On the other hand, most of the water ejected from the nozzle 14 and not absorbed by the air is collected in the water reservoir 11, sent to the nozzle 14 via the circulation circuit 27, and ejected from the nozzle 14 again.

Further, by operating the heater 29, the water in the storage tank 30 is heated, and the temperature of the water (hot water) ejected from the nozzle 14 rises. That is, the heater 29 is a heating means for heating the water sent to the nozzle 14 through the circulation circuit 27.
In the present embodiment, the temperature of the water ejected from the nozzle 14 can be adjusted by changing the heating level of the water in the storage tank 30 by the heater 29.

The higher the temperature of the water ejected from the nozzle 14, the more stably the water ejected from the nozzle 14 is taken into the air. In the present embodiment, it is possible to switch between the normal humidification operation in which the fan 21 and the pump 28 are operated and the heater 29 is stopped and the heater humidification operation in which the fan 21, the pump 28 and the heater 29 are operated. The humidification level can be adjusted by adjusting the operating level of 29. Hereinafter, when the term "humidifying operation" is simply used, it means both a normal humidifying operation and a heater humidifying operation.

Further, a water supply pipe 31 for supplying tap water from the water pipe to the circulation circuit 27 is connected to the circulation circuit 27 on the upstream side of the pump 28, and the pump 28 is a drainage pipe that sends the water circulating in the circulation circuit 27 to the outside. The pipe 32 is connected. The water supply pipe 31 is provided with an electromagnetic valve 33 that switches between an open state in which tap water from the water pipe can flow into the water supply pipe 31 and a closed state in which tap water from the water pipe cannot flow into the water supply pipe 31. The pipe 32 is provided with an electromagnetic valve 34 that can be switched between an open state in which water from the circulation circuit 27 can flow into the drain pipe 32 and a closed state in which water from the circulation circuit 27 cannot flow into the drain pipe 32.

As shown in FIG. 3, the solenoid valves 33 and 34 are connected to the control means 35 to which the fan 21, the water level sensor 26, the pump 28, and the heater 29 are connected. The control means 35 can be configured by having an electronic device such as a CPU and a memory, and controls the fan 21, the pump 28, and the heater 29 by transmitting a command signal, and switches the states of the solenoid valves 33 and 34. It can be carried out.

By opening the solenoid valve 33 (the pump 28 is in the stopped state), tap water from the water pipe flows into the circulation circuit 27 through the water supply pipe 31, passes through the pump 28 and the storage tank 30 in order, and is transmitted from the nozzle 14. It is ejected into the space 12 of the accommodating body 13.
When the water level sensor 26 detects that the amount of water stored in the water reservoir 11 has decreased to a predetermined amount or less due to the continuation of the humidification operation, the control means 35 opens the solenoid valve 33 which was in the closed state. (The solenoid valve 34 continues to be closed), and the pump 28 is continued.

As a result, tap water (water from the outside) from the water pipe flows into the circulation circuit 27 from the water supply pipe 31, passes through the pump 28 and the storage tank 30, is supplied to the nozzle 14, and is ejected from the nozzle 14. , The amount of water in the water reservoir 11 increases.

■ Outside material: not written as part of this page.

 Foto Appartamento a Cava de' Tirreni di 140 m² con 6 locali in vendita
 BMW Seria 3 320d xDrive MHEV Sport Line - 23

In the present embodiment, the water supply means for supplying water from the outside (not limited to tap water from the water pipe, for example, groundwater) to the nozzle 14 via the circulation circuit 27 is the water supply pipe 31 and The solenoid valve 33 is mainly configured.

When the water level sensor 26 detects that the amount of water in the water reservoir 11 has increased to a predetermined amount, the control means 35 closes the solenoid valve 33. In the present embodiment, when the amount of water in the water reservoir 11 is increased, the fan 21 is stopped, and the fan 21 operates at the timing when the amount of water in the water reservoir 11 increases to a predetermined amount to restart the humidification operation. ..

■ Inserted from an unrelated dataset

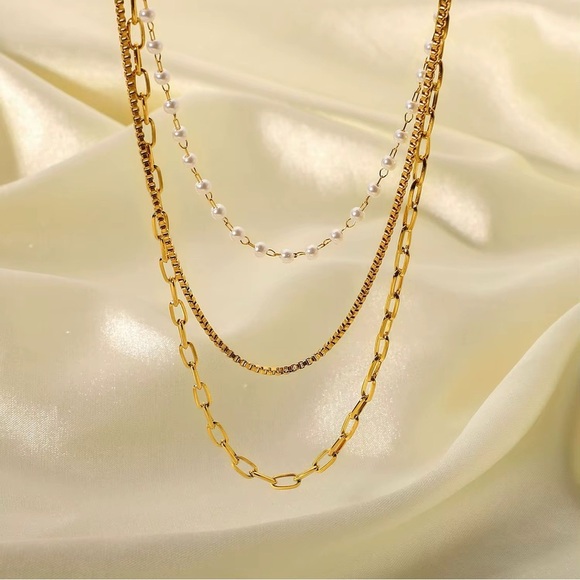18K Gold Plated Layered Necklace - Picture 7 of 10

Further, when the input for starting the humidification operation is made to the operation unit 36 (see FIG. 3) connected to the control means 35 (wired connection or wireless connection) in the state where the humidification operation is not performed, the control means 35 uses the solenoid valve. The pump 28 is operated with the fans 21 stopped by opening and closing the 33 and 34, respectively. As a result, tap water from the water pipe is ejected from the nozzle 14, and the water is stored in the water reservoir 11. This water filling operation is continued until the amount of water in the water reservoir 11 reaches a predetermined amount.

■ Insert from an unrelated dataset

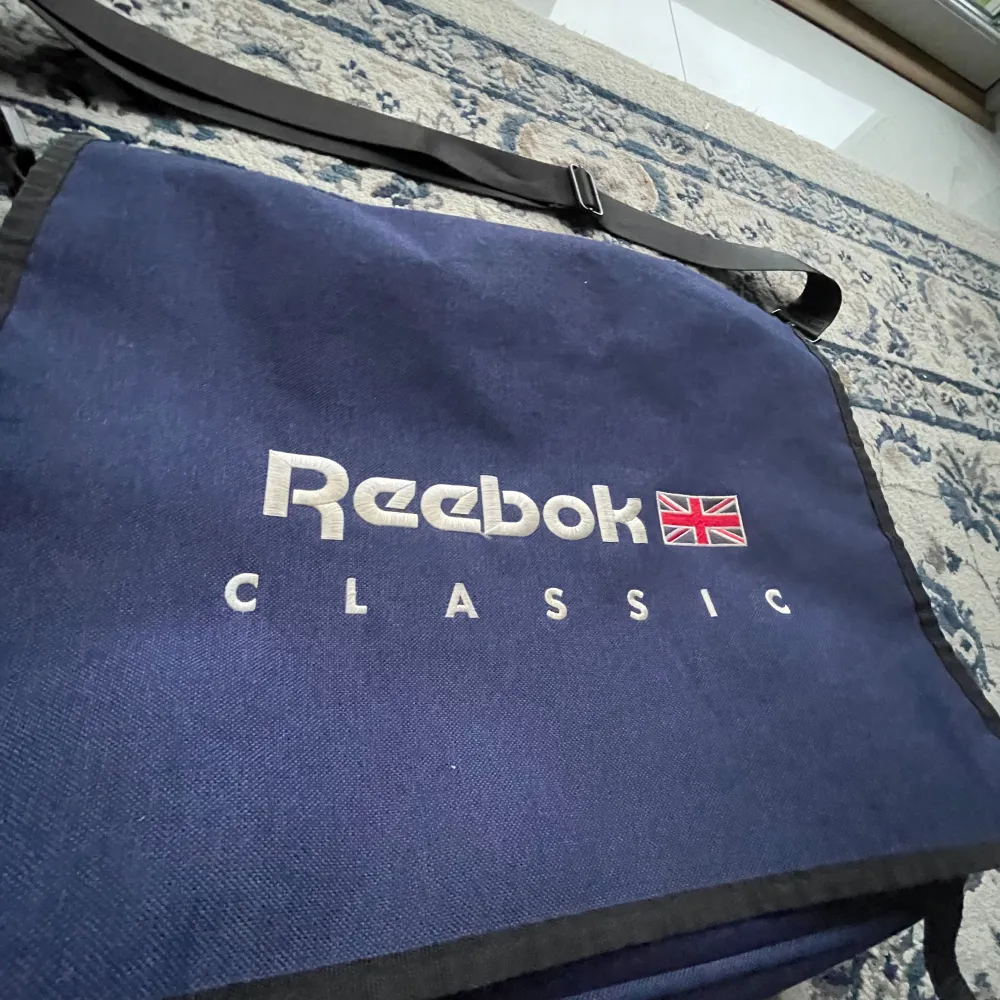 Säljer nu en fin väska från Reebok classic i bra använt skick! Se bilder! Snygg för sommaren👌 Mått: 45x35cm Hör av er vid frågor.. Accessoarer.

After the water filling operation is completed, the water in the storage tank 30 is heated by the heater 29 while the pump 28 continues to operate, and the temperature of the water ejected from the nozzle 14 is high (55 in the present embodiment). The temperature is in the range of ° C or higher and 65 ° C or lower). The inside of the container 13 is sterilized (kills Legionella spp. And molds) by the high temperature water ejected from the nozzle 14.

After sterilizing the inside of the housing 13 for a predetermined time (for example, 30 seconds or more and 2 minutes or less), the solenoid valves 33 and 34 are opened and closed, respectively, and flow into the circulation circuit 27 from the water reservoir 11 to pump. The water sucked into the 28 is drained to the outside from the drain pipe 32. A part of the water sucked into the pump 28 is ejected from the nozzle 14 through the storage tank 30, but with the passage of time, the water reservoir 11 can be made substantially free of water. In the present embodiment, the drainage pipe 32 and the solenoid valve 34 are mainly configured as the discharge means for discharging the water of the water reservoir 11 to the outside via the circulation circuit 27.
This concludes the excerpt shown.